### DIRECTIONS
From the listing below, reproduce exactly the lines starting with the one with "JOMAA Teclado Trackball" and going on through the one with "Women's Off-Shoulder Ribbed", both ends kept. No picture is copied.

### ENTRIES PROVIDED
++++

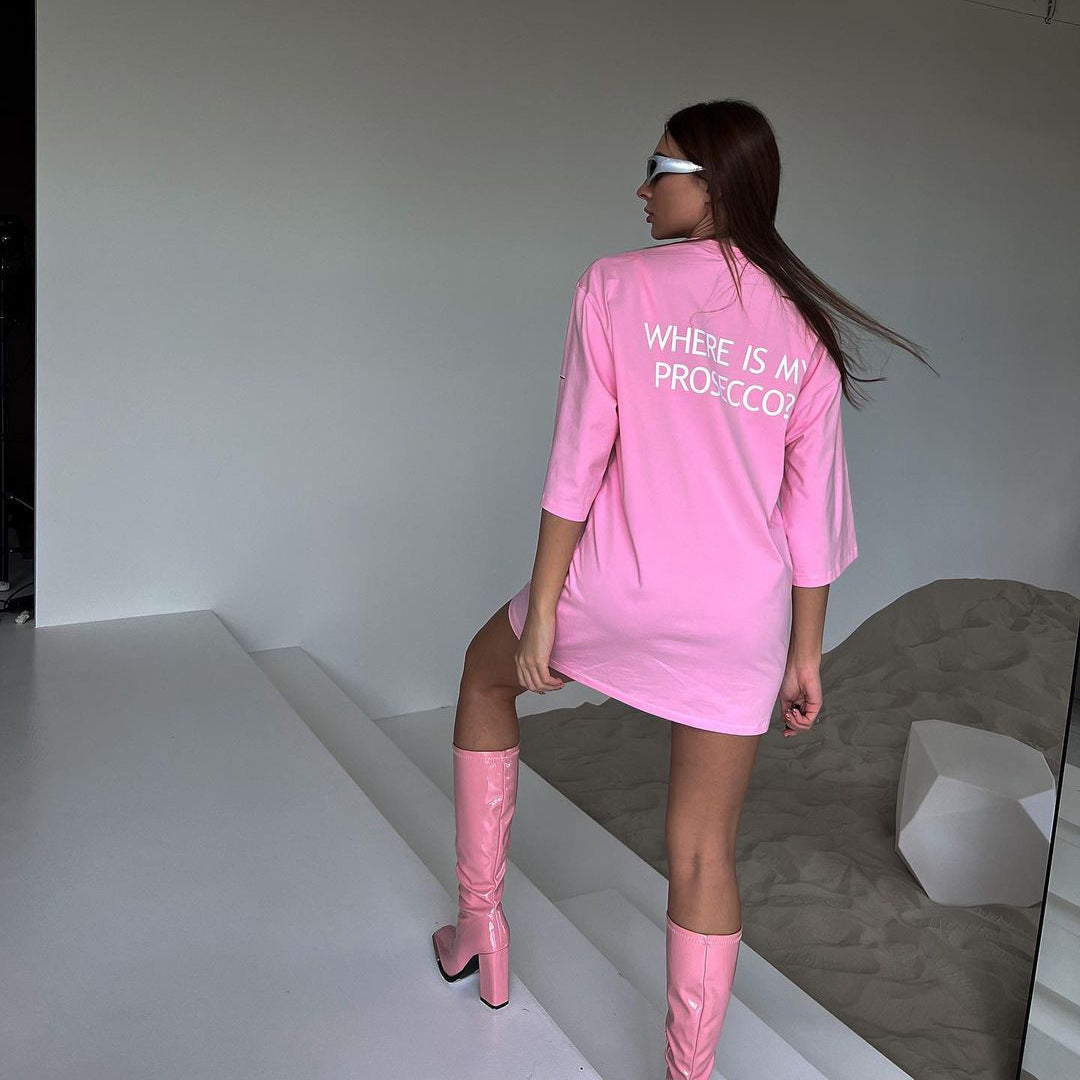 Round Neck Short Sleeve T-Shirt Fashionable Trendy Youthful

++++

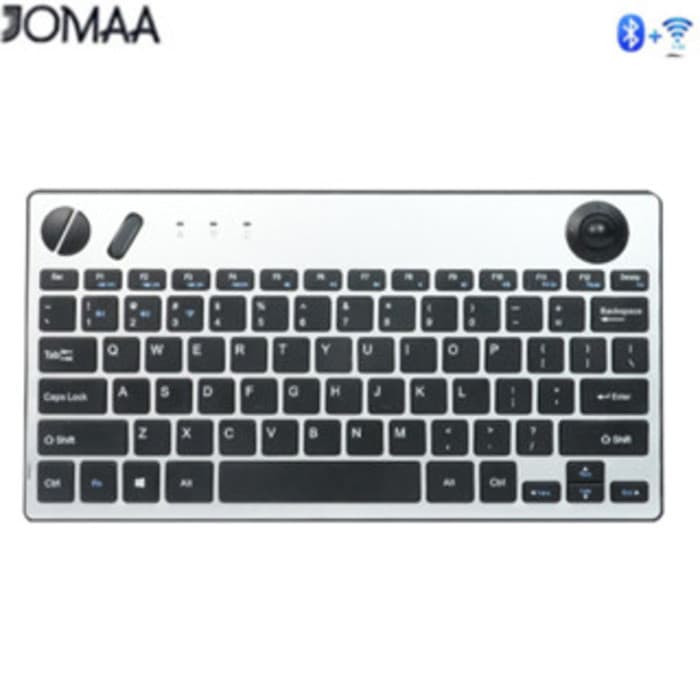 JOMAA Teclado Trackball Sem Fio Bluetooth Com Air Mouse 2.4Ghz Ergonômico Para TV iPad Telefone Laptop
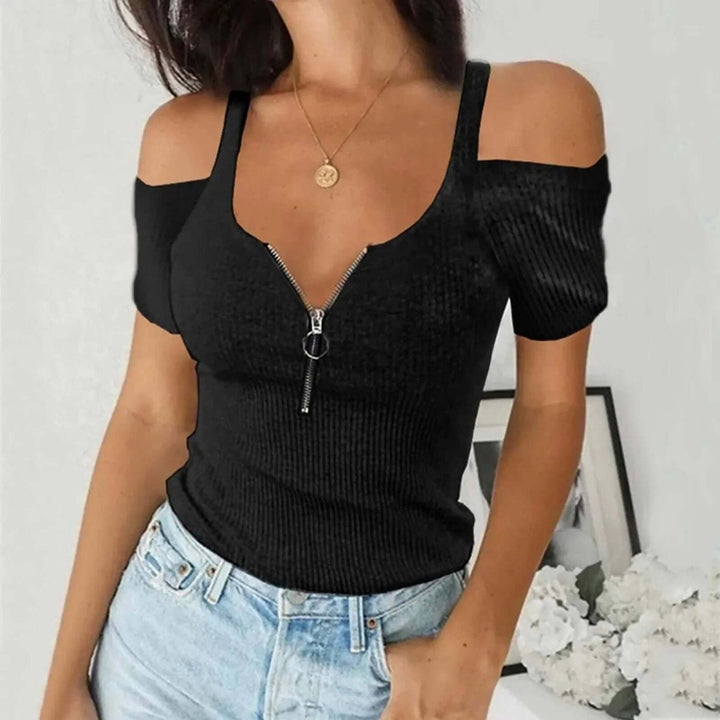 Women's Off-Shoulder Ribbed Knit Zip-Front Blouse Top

++++

### RESPONSE AREA
 JOMAA Teclado Trackball Sem Fio Bluetooth Com Air Mouse 2.4Ghz Ergonômico Para TV iPad Telefone Laptop
 Women's Off-Shoulder Ribbed Knit Zip-Front Blouse Top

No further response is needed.